= Rafael Behr =

British newspaper columnist

Rafael Lawrence Behr (born 7 June 1974) is a British journalist and author. He has been a political columnist and leader writer at The Guardian since 2014. He has appeared as a commentator on the BBC, Sky News and various political podcasts. His work has also appeared in Prospect magazine, The Times, The Sunday Times, The New York Times and The Irish Times. In 2023 he published his first book, Politics, A Survivor's Guide.

== Early life and education ==

Rafael Behr was born in London to South African parents of Lithuanian Jewish heritage. He has one older brother. He attended City of London School for Boys and Merton College, Oxford, where he studied French and Russian. He took a master's degree in Russian politics and literature at University College London's School of Slavonic and East European Studies.

== Journalism ==
Before writing his column at The Guardian, Behr was political editor of the New Statesman.

He has previously been chief leader writer and online editor for The Observer and a foreign correspondent for the Financial Times, covering the Baltic States and Russia. In 2014, Behr was named political commentator of the year at the 2014 Comment Awards. In 2019, he was shortlisted for the same award.

In his career before journalism, Behr worked as a political risk analyst reporting on the countries of the former Soviet Union.
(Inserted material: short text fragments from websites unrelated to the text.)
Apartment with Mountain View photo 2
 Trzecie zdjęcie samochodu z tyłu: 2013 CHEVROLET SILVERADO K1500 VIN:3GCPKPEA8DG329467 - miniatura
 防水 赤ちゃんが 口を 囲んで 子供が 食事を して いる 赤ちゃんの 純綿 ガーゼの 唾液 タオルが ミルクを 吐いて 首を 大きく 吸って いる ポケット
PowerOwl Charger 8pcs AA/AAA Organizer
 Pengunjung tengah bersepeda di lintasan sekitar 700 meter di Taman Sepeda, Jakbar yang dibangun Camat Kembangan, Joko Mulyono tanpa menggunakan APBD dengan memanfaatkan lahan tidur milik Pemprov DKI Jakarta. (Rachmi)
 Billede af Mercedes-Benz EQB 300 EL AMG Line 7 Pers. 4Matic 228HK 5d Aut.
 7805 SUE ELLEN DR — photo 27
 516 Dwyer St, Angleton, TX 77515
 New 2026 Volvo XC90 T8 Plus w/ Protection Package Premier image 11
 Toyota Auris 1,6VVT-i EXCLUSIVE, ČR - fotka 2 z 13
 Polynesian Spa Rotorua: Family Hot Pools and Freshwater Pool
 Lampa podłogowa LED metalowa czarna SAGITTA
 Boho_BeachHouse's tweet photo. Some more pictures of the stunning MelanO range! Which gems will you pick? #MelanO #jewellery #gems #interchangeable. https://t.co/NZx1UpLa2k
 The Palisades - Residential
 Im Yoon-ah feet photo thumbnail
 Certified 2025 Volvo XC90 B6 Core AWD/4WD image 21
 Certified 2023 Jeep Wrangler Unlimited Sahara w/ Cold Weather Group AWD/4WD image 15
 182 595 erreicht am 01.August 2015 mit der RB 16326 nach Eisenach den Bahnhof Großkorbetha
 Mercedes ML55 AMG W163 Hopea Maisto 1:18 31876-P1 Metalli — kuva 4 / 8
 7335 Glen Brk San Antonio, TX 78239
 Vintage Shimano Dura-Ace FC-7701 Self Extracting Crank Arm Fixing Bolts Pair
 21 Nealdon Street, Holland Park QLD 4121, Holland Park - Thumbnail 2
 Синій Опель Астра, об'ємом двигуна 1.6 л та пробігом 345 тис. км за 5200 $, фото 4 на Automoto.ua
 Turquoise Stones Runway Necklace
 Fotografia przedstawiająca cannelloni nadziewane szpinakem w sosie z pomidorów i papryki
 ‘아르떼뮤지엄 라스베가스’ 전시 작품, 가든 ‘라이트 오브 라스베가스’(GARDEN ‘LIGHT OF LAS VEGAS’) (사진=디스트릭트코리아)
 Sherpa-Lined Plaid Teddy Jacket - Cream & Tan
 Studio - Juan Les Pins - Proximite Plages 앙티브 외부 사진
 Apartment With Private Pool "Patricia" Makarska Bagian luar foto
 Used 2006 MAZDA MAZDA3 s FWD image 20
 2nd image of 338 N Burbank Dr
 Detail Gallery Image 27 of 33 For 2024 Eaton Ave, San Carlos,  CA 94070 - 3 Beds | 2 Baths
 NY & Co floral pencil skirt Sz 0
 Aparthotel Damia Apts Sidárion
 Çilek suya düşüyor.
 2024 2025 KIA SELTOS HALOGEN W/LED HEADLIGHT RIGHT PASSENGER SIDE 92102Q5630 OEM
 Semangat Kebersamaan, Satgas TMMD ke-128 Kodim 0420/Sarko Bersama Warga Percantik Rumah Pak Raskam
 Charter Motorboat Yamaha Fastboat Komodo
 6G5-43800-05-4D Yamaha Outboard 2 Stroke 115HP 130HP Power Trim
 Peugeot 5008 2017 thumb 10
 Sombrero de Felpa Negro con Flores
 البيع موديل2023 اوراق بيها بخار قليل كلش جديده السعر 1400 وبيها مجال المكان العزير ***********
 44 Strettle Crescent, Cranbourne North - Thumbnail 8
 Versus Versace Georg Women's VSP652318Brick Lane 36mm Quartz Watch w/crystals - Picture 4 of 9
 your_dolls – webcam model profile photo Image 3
Since 2020 he has presented Politics on the Couch, an occasional podcast about the psychology of politics.

==Views==

In his book, Politics: A Survivor's Guide, Behr identifies himself as sympathetic to social democracy, liberalism and centrism. Behr was a strong supporter of Britain's membership of the European Union and has been critical of Brexit and the Conservative governments that implemented it. He was also critical of Jeremy Corbyn's leadership of the Labour Party after 2015.

== Personal life ==

Behr lives in Brighton, on the south coast of England, with his wife and two daughters.